Allow any SupportsIndex for BaseDataSource.__getitem__() for better compatibility with Grain.

Marvin182 · The TensorFlow Datasets Authors · commit 547d013843b3 · 2024-04-25T01:37:55.000-07:00
PiperOrigin-RevId: 627995734
diff --git a/tensorflow_datasets/core/data_sources/base.py b/tensorflow_datasets/core/data_sources/base.py
@@ -18,9 +18,8 @@
 from collections.abc import MappingView, Sequence
 import dataclasses
 import typing
-from typing import Any, Generic, Iterable, Protocol, TypeVar
+from typing import Any, Generic, Iterable, Protocol, SupportsIndex, TypeVar
 
-from absl import logging
 from tensorflow_datasets.core import dataset_info as dataset_info_lib
 from tensorflow_datasets.core import decode
 from tensorflow_datasets.core import splits as splits_lib
@@ -38,7 +37,7 @@ class DataSource(Protocol, Generic[T]):
   def __len__(self) -> int:
     """Returns the total number of records in the data source."""
 
-  def __getitem__(self, key: int) -> T:
+  def __getitem__(self, key: SupportsIndex) -> T:
     """Returns the value for the given `key`."""
 
   def __getitems__(self, keys: Iterable[int]) -> T:
@@ -76,43 +75,35 @@ class BaseDataSource(MappingView, Sequence):
   decoders: type_utils.TreeDict[decode.partial_decode.DecoderArg] | None = None
   data_source: DataSource[Any] = dataclasses.field(init=False)
 
-  def __getitem__(self, record_key: int) -> Any:
-    if isinstance(record_key, Sequence):
-      logging.error(
-          'Calling DataSource.__getitem__() with sequence '
-          'of record keys (%s) is deprecated. Either pass a single '
-          'integer or switch to __getitems__().',
-          record_key,
-      )
-      return self.__getitems__(record_key)
-    record = self.data_source[record_key]
+  def __getitem__(self, key: SupportsIndex) -> Any:
+    record = self.data_source[key.__index__()]

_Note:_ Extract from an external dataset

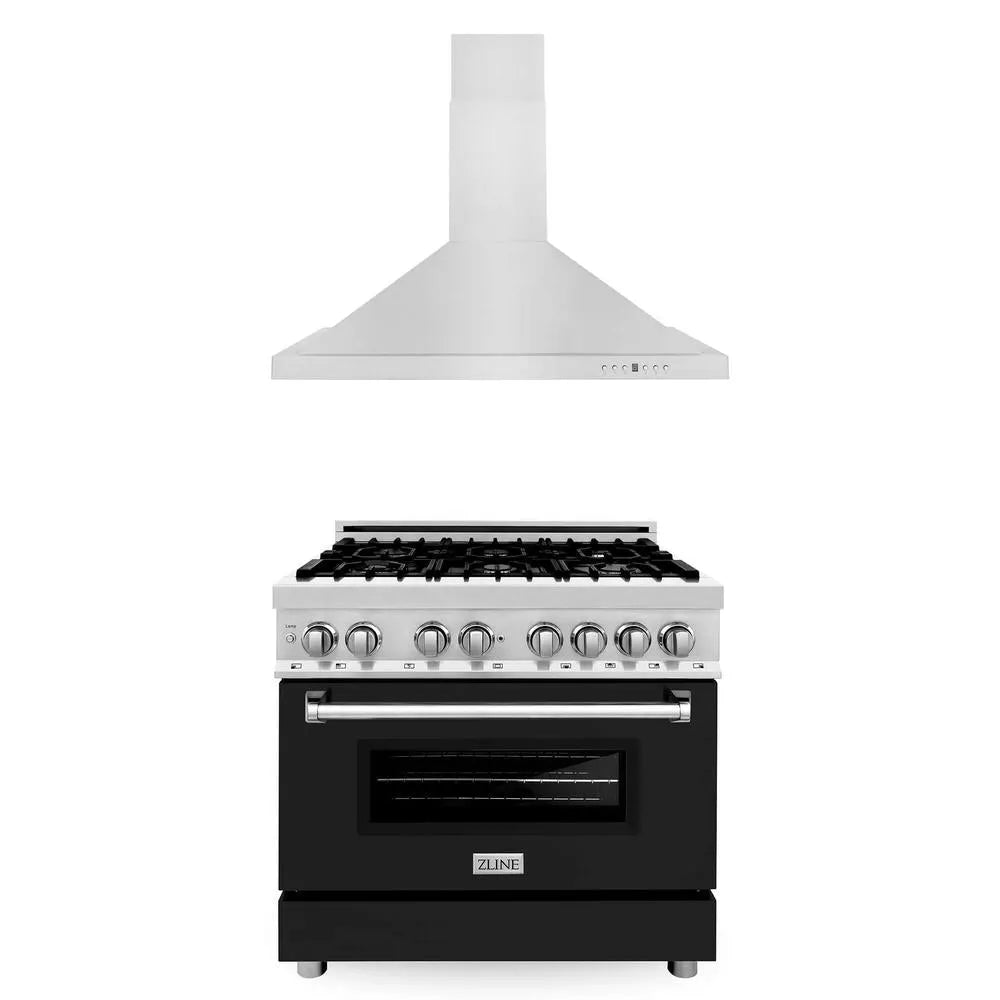 ZLINE 36 in. Kitchen Package with Stainless Steel Dual Fuel Range with Black Matte Door and Convertible Vent Range Hood (2KP-RABLMRH36) main image.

     return self.dataset_info.features.deserialize_example_np(
         record, decoders=self.decoders
     )
 
-  def __getitems__(self, record_keys: Sequence[int]) -> Sequence[Any]:
+  def __getitems__(self, keys: Sequence[int]) -> Sequence[Any]:
     """Retrieves items by batch.
 
     This method allows PyTorch to load records by batch, rather than one by one.
 
     Args:
-      record_keys: a sequence of keys.
+      keys: a sequence of keys.
 
     Returns:
       The records associated with the keys.
 
     Raises:
       IndexError: If the number of retrieved records is incorrect.
     """
-    if not record_keys:
+    if not keys:
       return []
-    records = self.data_source.__getitems__(record_keys)

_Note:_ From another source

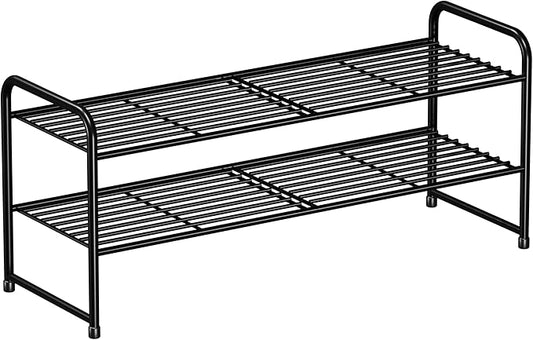 SUFAUY 2-Tier 33" Wide Shoe Rack, Closet Metal Shoe Rack Organizer Heavy Duty, Stackable, Black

+    records = self.data_source.__getitems__(keys)
     features = self.dataset_info.features
-    if len(record_keys) != len(records):
+    if len(keys) != len(records):
       raise IndexError(
-          f'Requested {len(record_keys)} records but got'
+          f'Requested {len(keys)} records but got'
           f' {len(records)} records.'
-          f'{record_keys=}, {records=}'
+          f'{keys=}, {records=}'
       )
     return [
         features.deserialize_example_np(record, decoders=self.decoders)
diff --git a/tensorflow_datasets/core/data_sources/base_test.py b/tensorflow_datasets/core/data_sources/base_test.py
@@ -86,9 +86,9 @@ def test_read_write(
   assert len(data_source) == 3
   for i in range(3):
     assert data_source[i] == {'id': i}
-  assert data_source[[0, 2]] == [{'id': 0}, {'id': 2}]

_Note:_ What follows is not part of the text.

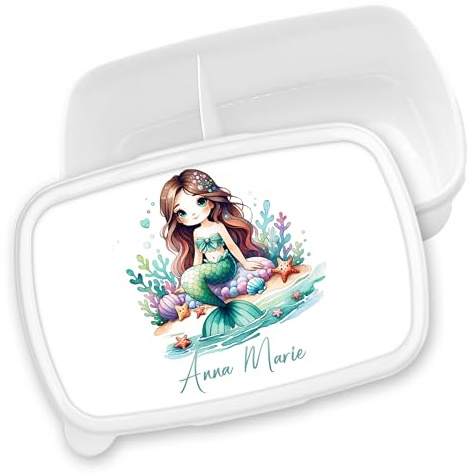 timalo® Brotdose Kinder personalisiert mit Namen | Bento Lunchbox Unterteilung mit Fächern | Jungen Mädchen Kindergarten Schule Geschenk | 14 - Meerjungfrau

-  assert data_source[range(0, 2)] == [{'id': 0}, {'id': 1}]
-  assert data_source[[]] == []  # pylint: disable=g-explicit-bool-comparison
+  assert data_source.__getitems__([0, 2]) == [{'id': 0}, {'id': 2}]
+  assert data_source.__getitems__(range(0, 2)) == [{'id': 0}, {'id': 1}]
+  assert data_source.__getitems__([]) == []  # pylint: disable=g-explicit-bool-comparison
   for i, element in enumerate(data_source):
     assert element == {'id': i}